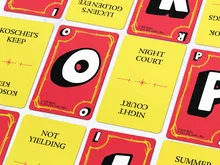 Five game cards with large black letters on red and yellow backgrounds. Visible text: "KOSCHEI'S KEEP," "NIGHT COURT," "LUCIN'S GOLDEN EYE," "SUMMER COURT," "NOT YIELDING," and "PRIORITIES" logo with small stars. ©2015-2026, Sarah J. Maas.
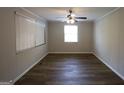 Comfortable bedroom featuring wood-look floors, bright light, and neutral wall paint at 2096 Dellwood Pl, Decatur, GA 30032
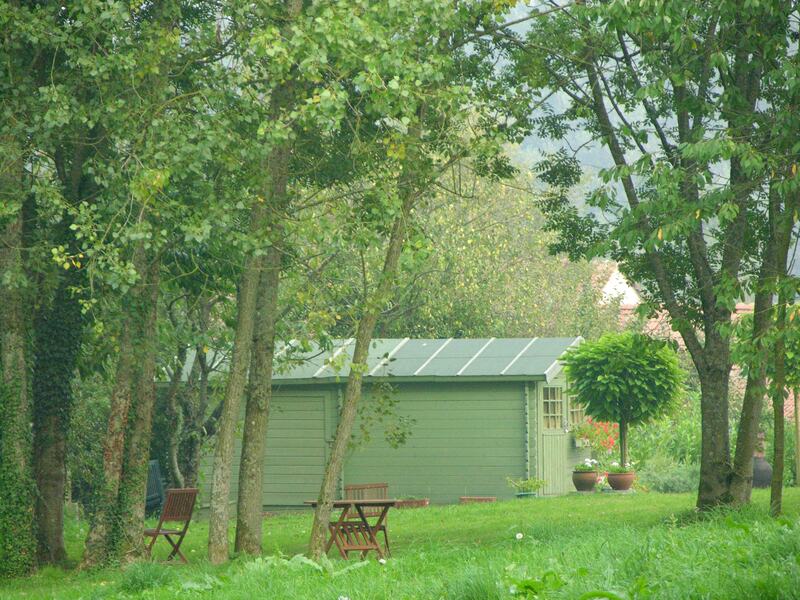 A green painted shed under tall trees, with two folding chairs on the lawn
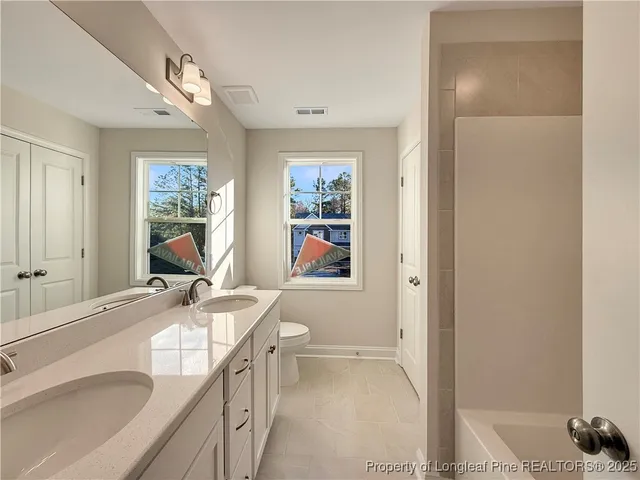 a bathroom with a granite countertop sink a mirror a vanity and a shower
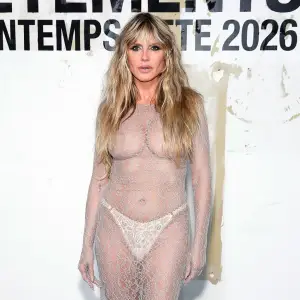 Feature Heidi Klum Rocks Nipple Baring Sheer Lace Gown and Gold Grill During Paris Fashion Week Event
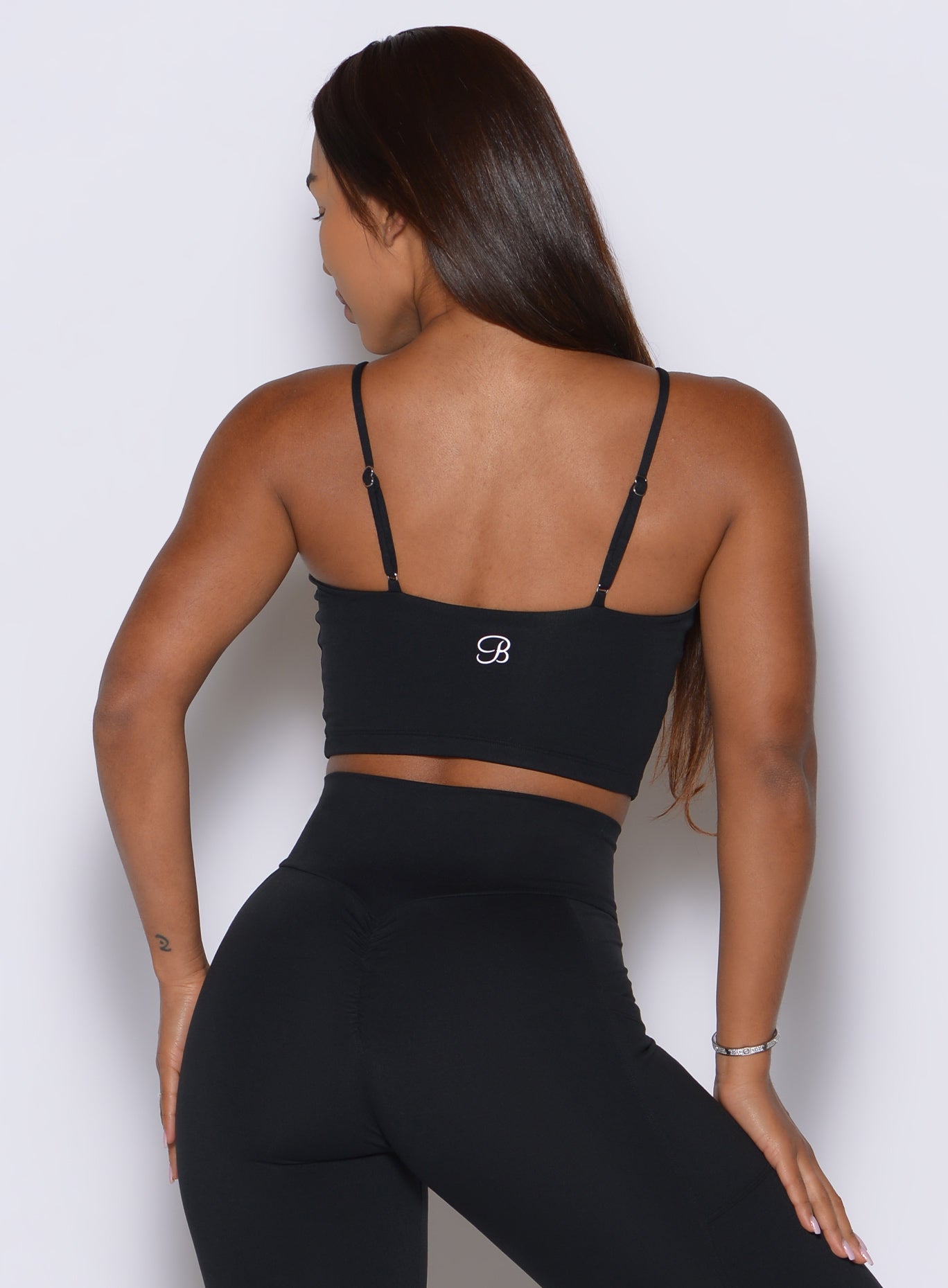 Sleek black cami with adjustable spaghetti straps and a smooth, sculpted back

::::::

• ASSIGNMENT
A word-for-word copy of the lines from the one containing "Comfortable bedroom featuring" through the last line of the records is what is wanted, without pictures and without any other line.

• RESULT
 Comfortable bedroom featuring wood-look floors, bright light, and neutral wall paint at 2096 Dellwood Pl, Decatur, GA 30032
 A green painted shed under tall trees, with two folding chairs on the lawn
 a bathroom with a granite countertop sink a mirror a vanity and a shower
 Feature Heidi Klum Rocks Nipple Baring Sheer Lace Gown and Gold Grill During Paris Fashion Week Event
 Sleek black cami with adjustable spaghetti straps and a smooth, sculpted back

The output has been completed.